- WHAT THIS TASK INVOLVES
Give back the exact lines of the material below from the one containing "Audi A4 2.0tdi" through the one containing "Boom Sofa 2-Sitzer Braun 7", and no pictures.

[Opening RECORD EXTRACTS section]

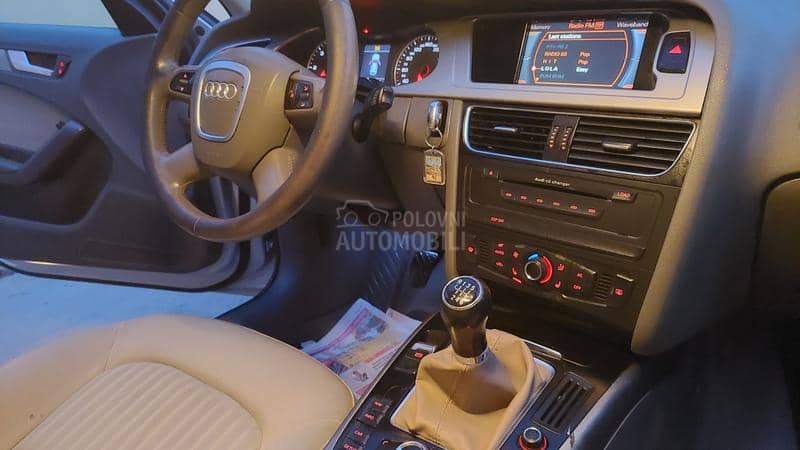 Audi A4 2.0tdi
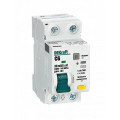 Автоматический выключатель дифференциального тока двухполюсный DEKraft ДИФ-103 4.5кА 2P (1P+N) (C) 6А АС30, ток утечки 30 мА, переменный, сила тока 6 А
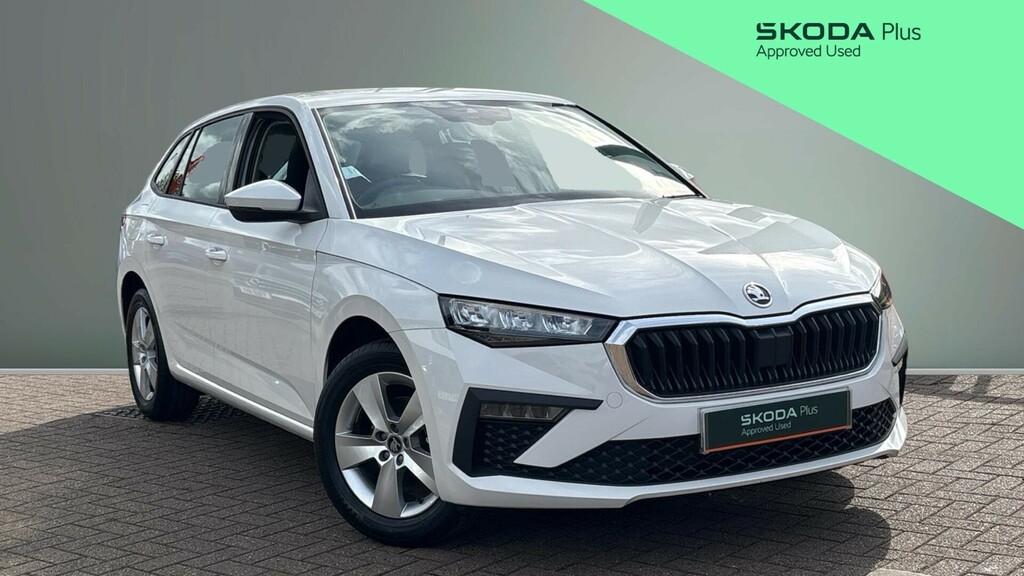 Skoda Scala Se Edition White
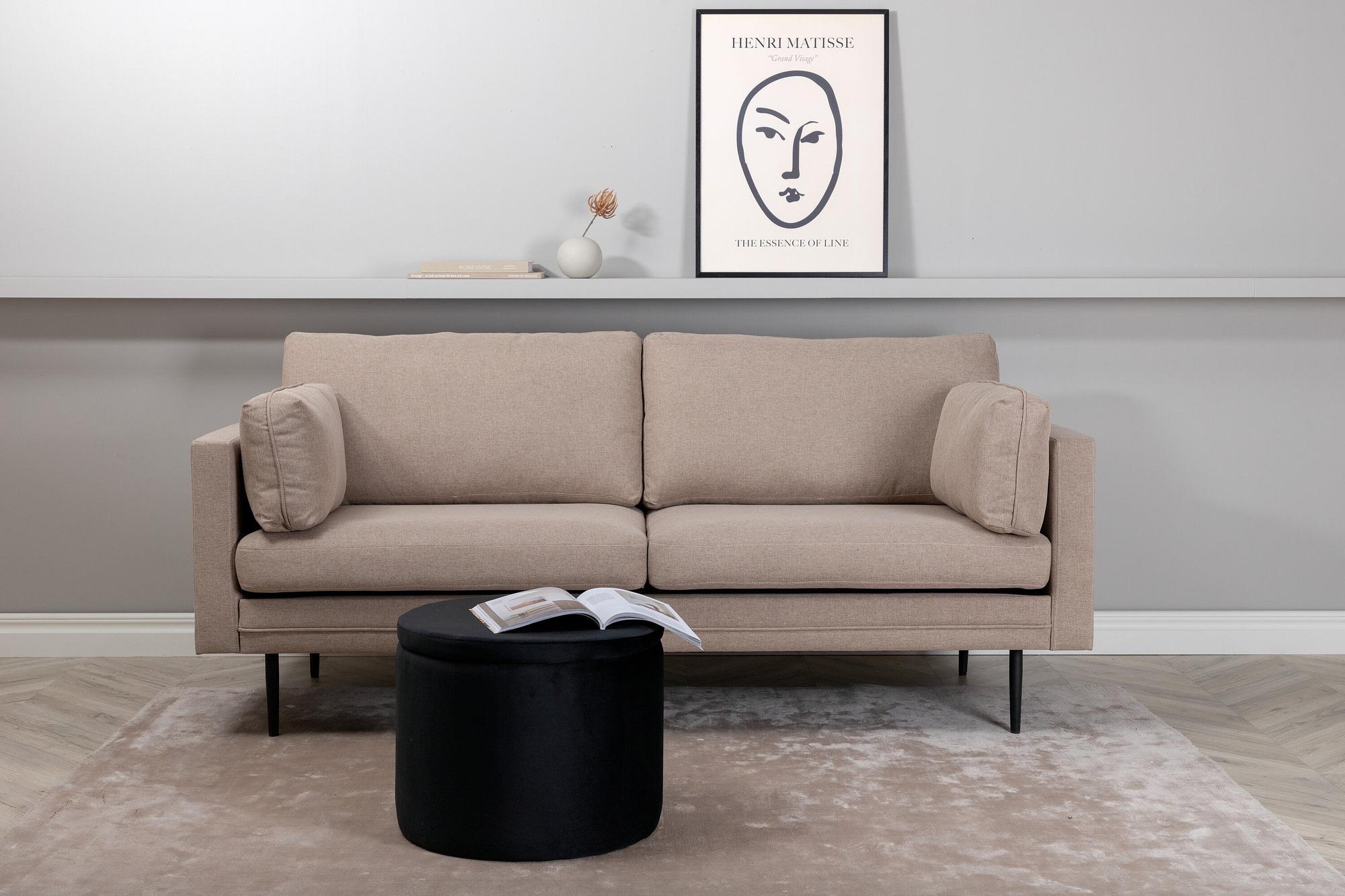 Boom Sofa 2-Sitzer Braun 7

[Closing RECORD EXTRACTS section]
[Opening RECORD EXTRACTS section]

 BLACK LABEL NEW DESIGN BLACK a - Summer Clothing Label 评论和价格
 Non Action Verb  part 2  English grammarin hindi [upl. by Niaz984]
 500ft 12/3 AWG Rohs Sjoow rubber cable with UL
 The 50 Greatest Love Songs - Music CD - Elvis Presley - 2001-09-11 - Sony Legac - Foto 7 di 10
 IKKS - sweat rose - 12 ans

[Closing RECORD EXTRACTS section]

- WORKED SOLUTION
 Audi A4 2.0tdi
 Автоматический выключатель дифференциального тока двухполюсный DEKraft ДИФ-103 4.5кА 2P (1P+N) (C) 6А АС30, ток утечки 30 мА, переменный, сила тока 6 А
 Skoda Scala Se Edition White
 Boom Sofa 2-Sitzer Braun 7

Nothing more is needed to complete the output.